- SOURCE MATERIAL -
================================
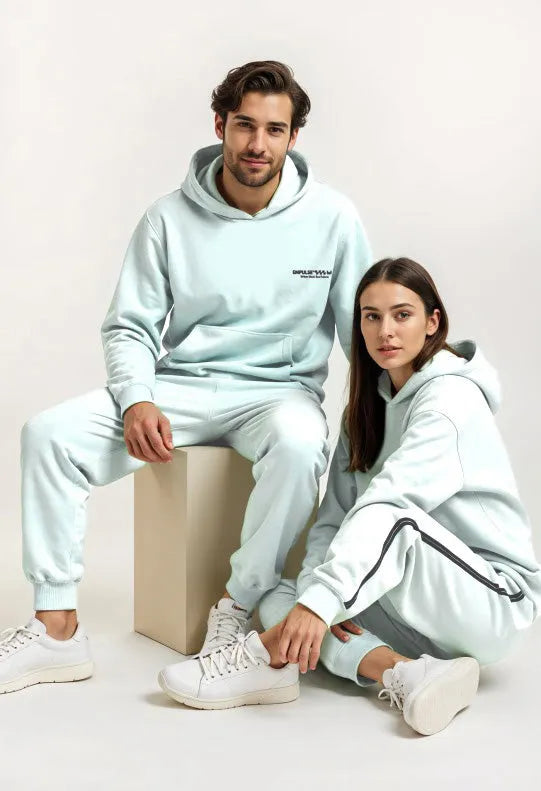 Empulse DNA Hoodie in Mint Green worn by seated male and female models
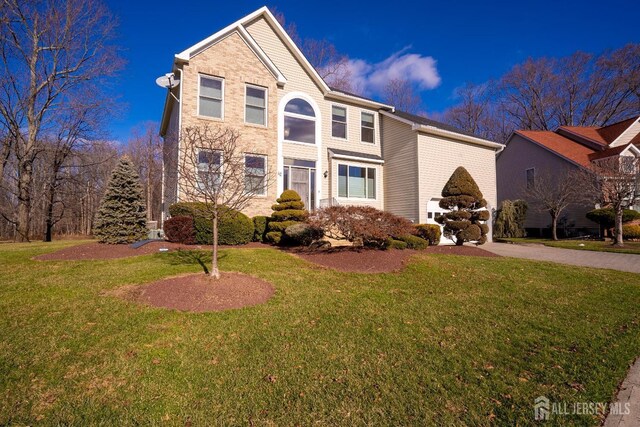 view of property featuring a front yard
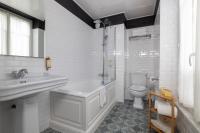 a white bathroom with a sink and a toilet at Hôtel Madeleine Haussmann in Paris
================================
- THE PROBLEM -
Output all of the data above exactly; no pictures should appear.

- RESULT OF THIS TASK -
 Empulse DNA Hoodie in Mint Green worn by seated male and female models
 view of property featuring a front yard
 a white bathroom with a sink and a toilet at Hôtel Madeleine Haussmann in Paris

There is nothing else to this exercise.